Stories to Inspire

My Life as a Glorious Violinist with MS

Candace Giles, the Glorious Violinist

By Candace Giles

It was as if my life had taken a turn for the worst. But at the same time, in my mind, could things get any worse than what they already were? This was my train of thought in 1998.

I lost my mom in 1989 at the age of 9, and with my parents being divorced since I was 3, my dad had been out of my life for many years. My grandparents raised me through high school. I graduated in 1997 from Henry Ford High School with honors, but sadly, my grandmother wasn’t able to watch me walk across the stage due to her having cancer. This was a disappointment for me, because she was a great influence in my life in helping me develop into the young lady that I had become.

I began college at Oakland University (and later transferred to Eastern Michigan University, where I got my degree in Communication in 2004). I had been struggling with a Major in Music because I am gifted in ear instead of sight-reading music, and in college, I needed to be proficient at the latter.

In 1998, while living in the college dorms, I decided to go sledding with my Resident Assistant and others from my dorm floor. Tragically, I had a bad accident while riding on an inner tube, hitting my head straight forward into a tree. I was sent to the hospital and suddenly I was having all kinds of tests. Luckily, I had distant cousins who were able to come get me during that semester. They were told by the doctor that there were signs of MS – which were showing through the spinal tap and MRI – but as it turned out, I wouldn’t show signs of MS physically until a later time in my life.

Fast forward to 2010. I was out of school and working as a sales representative at a department store.

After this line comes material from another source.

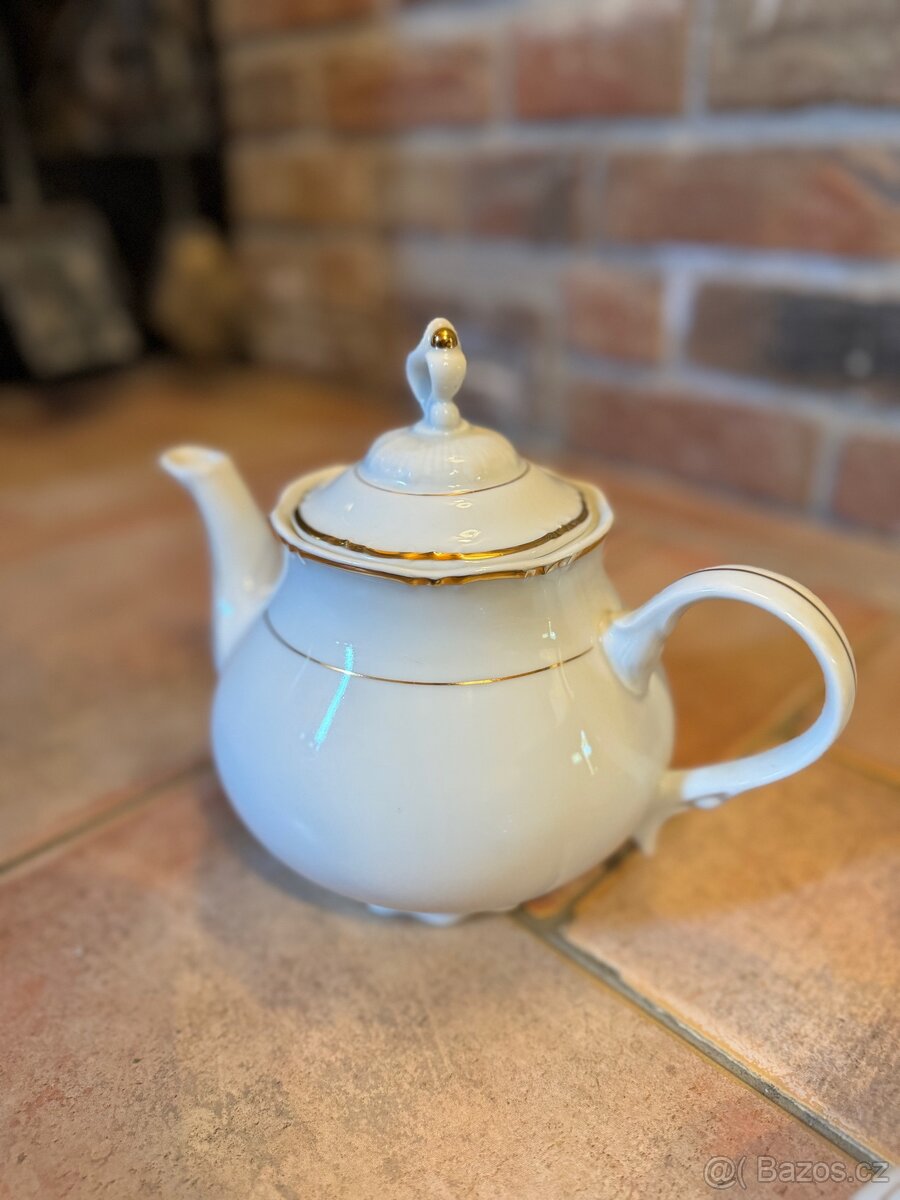 Porcelánový čajový/ kávový set bílý se zlatým zdobením Thun - 11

It was a really busy job, but I enjoyed helping customers. And at the age of 30, I was getting married.

What I thought would be a wonderful experience in all, became instead the feeling that the world was crashing in on me all at once. The MS flared up at work, with dizziness and tremors, followed by a bladder infection, stiffness, and what felt like “numbness in my bones.” The stress from my marriage also didn’t help, and I became very depressed.

I was taking several medications to treat the symptoms of my MS, but they were not working and made me feel like I was just existing rather than living. It became overwhelming sometimes because all I did was sleep, eat, and take medicine. I would get so sad because some days I could barely play my violin – something I had done my entire life since I was 5 years old at the Martin Luther King Child Care Center.

I always had a love for music, and playing the violin kept me sane. It enabled me to cope with all the deaths I had in my family and losing the people who were so close to me. Eventually, I gave up on the medicine and resigned myself to whatever health issues I would encounter. This began a new journey of hope and faith for me.

Thankfully, I was able to experience joy and I had no symptoms for about two years. Sadly, the stress in my marriage only worsened, which had a negative effect on my health, so I decided to get divorced. I had no idea of where I was going to live, or how I was going to eat, and was even homeless for a while, but different people took me in as their own, and I was okay until I got back on my feet.

I eventually worked another job at a daycare center, but that was it for me – my doctor said I could never work again. I had fallen on ice while on the job and my MS flared up again. Once the relapse subsided, I began physical therapy for eight months to learn how to walk again. I decided to do things in the manner of the holistic way and made my gift of playing my violin work for me.

Currently, it is a struggle some days just to get up instead of sleeping in. When I can, I go to the gym to do water exercises. Some days I just work out at home, but I have learned how to give myself space and breaks. I continue to do the natural route for symptoms, such as drinking plenty of water, resting when needed, eating right, and taking vitamins. This seems to work better for me. I am also able to play my violin for others and my MS doesn’t restrict me as much anymore.

This brings me to my latest accomplishment! While at the gym doing water exercises, I was talking with some fellow gym members, who asked me what I did. When I said that I was a violinist, they asked for my card. Turns out that one of the individuals works for the governor of Michigan, and he passed along my card to those in the governor’s office who were preparing for Juneteenth. Soon after, I was contacted to perform, and on June 19, 2022, I proudly performed publicly for the governor of Michigan and many others.

I now believe – and would love to share with any MS friend or family – that you can do anything you put your mind to. Don’t let this disease overcome you; you must always strive to overcome MS!

Violinist Candace Giles had the honor of performing for the governor of Michigan as part of the state’s recognition of Juneteenth 2022. For anyone who is not familiar, Juneteenth is a federal holiday acknowledging when the last of the slaves in the United States were freed. Although the Emancipation Proclamation ended slavery in the Confederate States in 1863, those living in Texas did not hear about the proclamation until Union soldiers arrived in Galveston, Texas on June 19, 1865 – two years later. This important day in history was and continues to be celebrated with prayer, food, music, and dance.